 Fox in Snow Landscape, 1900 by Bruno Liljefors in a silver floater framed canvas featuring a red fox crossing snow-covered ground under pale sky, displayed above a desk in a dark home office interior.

....................

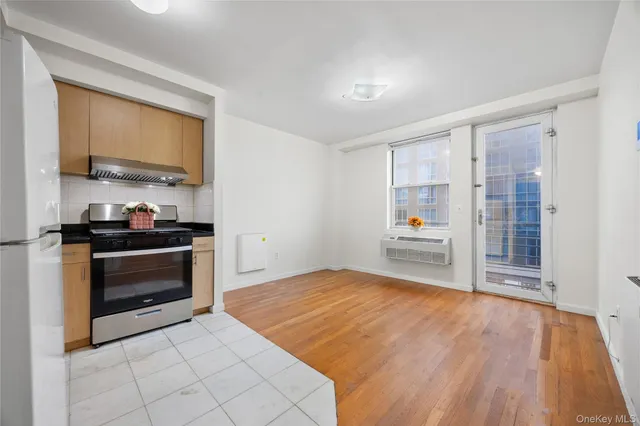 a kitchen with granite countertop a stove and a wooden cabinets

....................

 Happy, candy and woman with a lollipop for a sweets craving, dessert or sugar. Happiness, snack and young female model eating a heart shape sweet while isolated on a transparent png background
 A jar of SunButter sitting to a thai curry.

....................

» **WORK ORDER**
Repeat, character for character, the lines of the material above from the line with "Happy, candy and" through the line with "A jar of SunButter sitting to a thai curry.".

» **ANSWER SPACE**
 Happy, candy and woman with a lollipop for a sweets craving, dessert or sugar. Happiness, snack and young female model eating a heart shape sweet while isolated on a transparent png background
 A jar of SunButter sitting to a thai curry.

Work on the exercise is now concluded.